Ты, пустыня, моя матушка,
Помилей мне отца с матерью,
Вы, леса мои кудрявые,
Помилей мне роду-племени,
Вы, луга, луга зеленые,
Помилее красна золота,
Вы, раздольица широкие,
Помилее чиста сéребра,
Вы, кусты, кусты ракитовы,
Помилее скатнá жемчугу,
Вы, залетны мелки пташечки,
Схороните мои косточки
На чужой дальной сторонушке,
Во прекрасной во пустынюшке.
 

Совсем, бывало, стемнеет, зелеными переливчатыми огоньками загорятся в сочной траве Ивановы червяки, и станут в тиши ночной раздаваться лесные голоса; то сова запищит, как ребенок, то дергач вдали затрещит, то в древесных ветвях птица впросонках завозится, а юный пустынник, не чуя ночного холода, в полном забытьи, стоит, долго стоит на одном месте, подняв голову и вперив очи в высокое небо, чуть-чуть видное в просветах темной листвы деревьев…

Каждый раз, когда возвращался отшельник в деревню, его встречали попреками, бранью, побоями, но все он сносил безропотно и в духовной радости любезно принимал озлобления, памятуя мучеников, за Христа когда-то еще не то потерпевших. На пятнадцатом году Герасим совсем скрылся… Не нашли его ни в лесу, ни у ловцов; сам Нефедыч не знал, куда он девался. Думали, в реке потонул, но вода нигде мертвого тела не вынесла; думали – не волки ли съели его, но сколько по лесу ни ходили – ни косточки, ни остатков Герасимовой одежды не нашли. Отец куда следует подал объявление; Герасима по всем городам и уездам будто бы разыскивали, извели на то немало бумаги, но так как нигде не нашли, то и завершили дело тем, что зачислили Герасима Чубалова без вести пропавшим.

Чтение книг без разбора и без разумного руководства развило в нем пытливость ума до болезненности.
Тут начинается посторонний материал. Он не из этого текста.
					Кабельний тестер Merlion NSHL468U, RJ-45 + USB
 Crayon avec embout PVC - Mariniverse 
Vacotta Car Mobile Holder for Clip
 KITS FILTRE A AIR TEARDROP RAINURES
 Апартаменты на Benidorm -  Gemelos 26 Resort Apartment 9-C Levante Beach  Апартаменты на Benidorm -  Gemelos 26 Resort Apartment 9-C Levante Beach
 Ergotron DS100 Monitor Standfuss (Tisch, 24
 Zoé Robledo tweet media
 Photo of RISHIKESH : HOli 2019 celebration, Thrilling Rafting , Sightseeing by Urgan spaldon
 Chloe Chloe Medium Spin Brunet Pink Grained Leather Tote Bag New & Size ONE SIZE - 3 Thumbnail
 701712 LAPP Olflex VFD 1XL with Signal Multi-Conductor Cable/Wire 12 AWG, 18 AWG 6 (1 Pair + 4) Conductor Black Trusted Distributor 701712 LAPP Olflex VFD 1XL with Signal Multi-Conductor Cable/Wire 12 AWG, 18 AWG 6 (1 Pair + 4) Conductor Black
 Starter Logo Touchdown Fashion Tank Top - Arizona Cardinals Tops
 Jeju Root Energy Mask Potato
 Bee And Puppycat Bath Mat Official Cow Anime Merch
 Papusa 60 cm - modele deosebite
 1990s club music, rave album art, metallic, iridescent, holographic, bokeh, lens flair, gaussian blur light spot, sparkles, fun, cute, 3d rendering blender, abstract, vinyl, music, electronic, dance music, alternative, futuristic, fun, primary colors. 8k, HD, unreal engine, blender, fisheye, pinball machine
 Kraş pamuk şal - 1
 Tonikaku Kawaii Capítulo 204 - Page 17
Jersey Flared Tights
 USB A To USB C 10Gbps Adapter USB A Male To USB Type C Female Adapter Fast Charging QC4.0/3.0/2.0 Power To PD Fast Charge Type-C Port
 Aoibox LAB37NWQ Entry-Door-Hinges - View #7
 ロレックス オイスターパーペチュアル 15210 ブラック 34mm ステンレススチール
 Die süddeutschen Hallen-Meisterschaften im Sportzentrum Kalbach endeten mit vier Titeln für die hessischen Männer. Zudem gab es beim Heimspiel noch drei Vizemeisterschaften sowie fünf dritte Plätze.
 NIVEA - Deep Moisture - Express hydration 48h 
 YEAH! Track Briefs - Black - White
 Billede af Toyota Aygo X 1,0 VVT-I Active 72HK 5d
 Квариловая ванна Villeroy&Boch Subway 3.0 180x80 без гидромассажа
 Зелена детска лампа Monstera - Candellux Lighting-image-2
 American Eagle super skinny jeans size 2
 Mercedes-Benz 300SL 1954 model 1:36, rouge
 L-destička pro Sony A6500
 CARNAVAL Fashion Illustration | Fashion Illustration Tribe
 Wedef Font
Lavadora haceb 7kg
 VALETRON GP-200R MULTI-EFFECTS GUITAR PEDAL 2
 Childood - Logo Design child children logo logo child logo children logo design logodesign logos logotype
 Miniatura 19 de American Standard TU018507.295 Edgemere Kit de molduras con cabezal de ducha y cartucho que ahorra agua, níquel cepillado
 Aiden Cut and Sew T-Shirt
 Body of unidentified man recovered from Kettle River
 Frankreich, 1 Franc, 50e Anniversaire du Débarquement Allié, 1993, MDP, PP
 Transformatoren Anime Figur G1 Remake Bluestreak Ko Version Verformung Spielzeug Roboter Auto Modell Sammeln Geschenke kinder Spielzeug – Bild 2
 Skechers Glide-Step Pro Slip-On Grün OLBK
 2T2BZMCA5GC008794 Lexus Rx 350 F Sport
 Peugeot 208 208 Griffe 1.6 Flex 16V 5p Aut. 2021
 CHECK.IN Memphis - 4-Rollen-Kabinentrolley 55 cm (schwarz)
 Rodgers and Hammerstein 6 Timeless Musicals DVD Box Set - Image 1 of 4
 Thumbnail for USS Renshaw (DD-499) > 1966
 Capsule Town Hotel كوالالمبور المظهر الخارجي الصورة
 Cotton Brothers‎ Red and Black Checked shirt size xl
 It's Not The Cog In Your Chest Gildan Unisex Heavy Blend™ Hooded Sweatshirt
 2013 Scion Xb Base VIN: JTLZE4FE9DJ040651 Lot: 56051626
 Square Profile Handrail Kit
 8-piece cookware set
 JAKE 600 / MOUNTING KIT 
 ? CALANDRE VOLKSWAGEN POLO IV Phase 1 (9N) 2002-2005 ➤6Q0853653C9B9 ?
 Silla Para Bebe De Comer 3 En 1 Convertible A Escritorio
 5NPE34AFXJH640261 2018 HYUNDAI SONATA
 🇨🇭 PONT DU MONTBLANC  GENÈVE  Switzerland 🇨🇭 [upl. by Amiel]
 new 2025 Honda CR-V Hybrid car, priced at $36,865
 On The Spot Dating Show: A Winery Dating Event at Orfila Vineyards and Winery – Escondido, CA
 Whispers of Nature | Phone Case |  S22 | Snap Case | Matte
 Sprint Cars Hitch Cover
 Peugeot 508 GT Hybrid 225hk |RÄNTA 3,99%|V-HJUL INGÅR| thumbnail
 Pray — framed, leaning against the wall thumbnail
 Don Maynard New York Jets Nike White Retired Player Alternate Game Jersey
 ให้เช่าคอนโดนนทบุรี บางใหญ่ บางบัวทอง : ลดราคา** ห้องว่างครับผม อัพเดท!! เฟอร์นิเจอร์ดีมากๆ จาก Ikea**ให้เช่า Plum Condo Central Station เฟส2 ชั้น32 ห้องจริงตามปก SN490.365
Еще в лесу много начитался он об антихристе, о нынешних последних временах и о том, что истинная Христова вера иссякла в людях и еще во дни патриарха Никона взята на небо, на земле же сохранилась точию у малого числа людей, пребывающих в сокровенности, тех людей, про которых сам Господь сказал в Евангелии: «Не бойся, малое стадо».

Но где ж оно, где это малое стадо? В каких пустынях, в каких вертепах и пропастях земных сияет сие невидимое чуждым людям светило? Не знает Герасим, где оно, но к нему стремятся все помыслы молодого отшельника, и он, нося в сердце надежду быть причтенным когда-нибудь к этому малому стаду, пошел искать его по белу свету.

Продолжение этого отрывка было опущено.